Elsevier were our kind hosts for the latest London Lucene/Solr Meetup and also provided the first speaker, Peter Cotroneo. Peter spoke about their DataSearch project, a search engine for scientific data. After describing how most other data search engines only index and rank results using metadata, Peter showed how Elsevier’s product indexes the data itself and also provides detailed previews. DataSearch uses Apache NiFi to connect to the source repositories, Amazon S3 for asset storage, Apache Spark to pre-process the data and Apache Solr for search. This is a huge project with many millions of items indexed.
Relevance is a major concern for this kind of system and Elsevier have developed many strategies for relevance tuning. Features such as highlighting and auto-suggest are used, lemmatisation rather than stemming (with scientific data, stemming can cause issues such as turning ‘Age’ into ‘Ag’ – the chemical symbol for silver) and a custom rescoring algorithm that can be used to promote up to 3 data results to the top of the list if deemed particularly relevant. Elsevier use both search logs and test queries generated by subject matter experts to feed into a custom-built judgement tool – which they are hoping to open source at some point (this would be a great complement to Quepid for test-based relevance tuning)
Peter also described a strategy for automatic optimization of the many query parameters available in Solr, using machine learning, based on some ideas first proposed by Simon Hughes of dice.com. Elsevier have also developed a Phrase Service API, which helps improve phrase based search over the standard un-ordered ‘bag of words’ model by recognising acronyms, chemical formulae, species, geolocations and more, expanding the original phrase based on these terms and then boosting them using Solr’s query parameters. He also mentioned a ‘push API’ available for data providers to push data directly into DataSearch. This was a necessarily brief dive into what is obviously a highly complex and powerful search engine built by Elsevier using many cutting-edge ideas.
Our next speaker, Michael Hardwick of Elite Software, talked about how textual data is stored in PDF files and the implications for extracting this data for search applications. In an engaging (and at some times slightly horrifying) talk he showed how PDFs effectively contain instructions for ‘painting’ characters onto the page and how certain essential text items such as spaces may not be stored at all. He demonstrated how fonts are stored within the PDF itself, how character encodings may be deliberately incorrect to prevent copy-and-paste operations and in general how very little if any semantic information is available. Using newspaper content as an example he showed how reading order is often difficult to extract as the PDF layout is a combination of the text from the original author and how it has been laid out on the page by an editor – so the headline may be have been added after the article text, which itself may have been split up into sections.

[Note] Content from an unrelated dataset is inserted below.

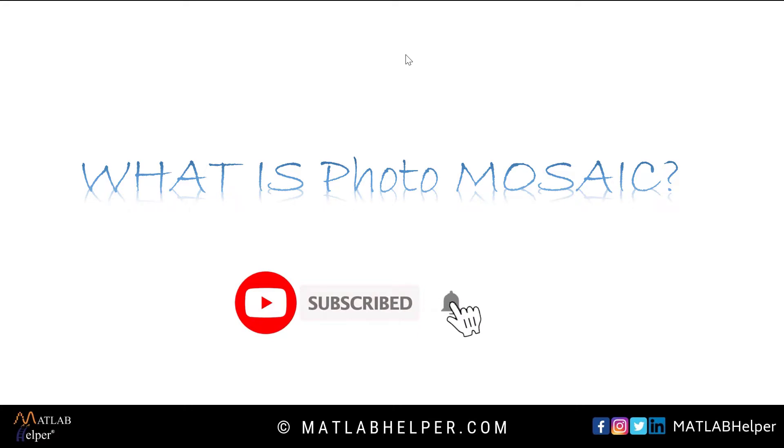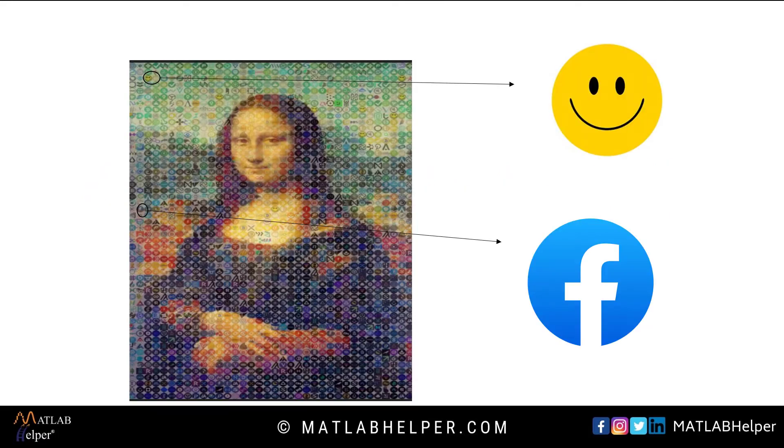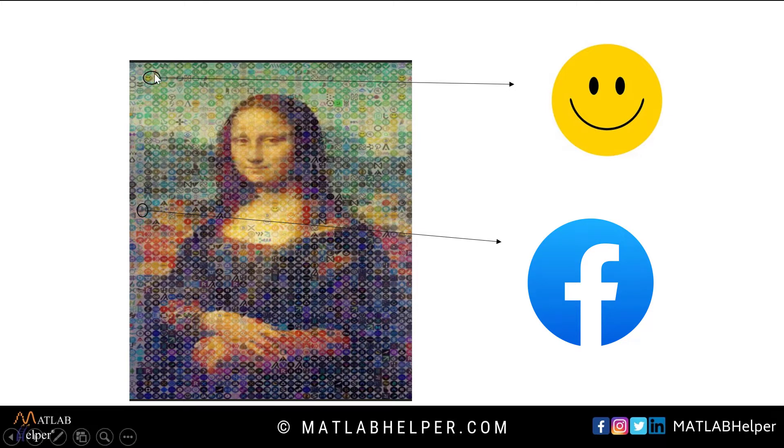Let's start by understanding what is mosaic. Mosaic is an image made of so many other images. For example, see this image. It is an arrangement of a number of images. If you zoom in, you could see different images. This is called a tile and this is called a thumbnail image.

Tables in PDFs were described as a particular issue when attempting to extract numerical data for re-use – the data order may not be in the same order as it appears, for example if only part of a table is updated each week a regular publication appears. With PDF files sometimes compressed and encrypted the task of data extraction can become even more difficult. Michael laid out the choices available to those wanting to extract data: optical character recognition, a potentially very expensive Adobe API (that only gives the same quality of output as copy-and-paste), custom code as developed by his company and finally manual retyping, the latter being surprisingly common.
Thanks to both our speakers and our hosts Elsevier – we’re planning another Meetup soon, hopefully in mid to late June.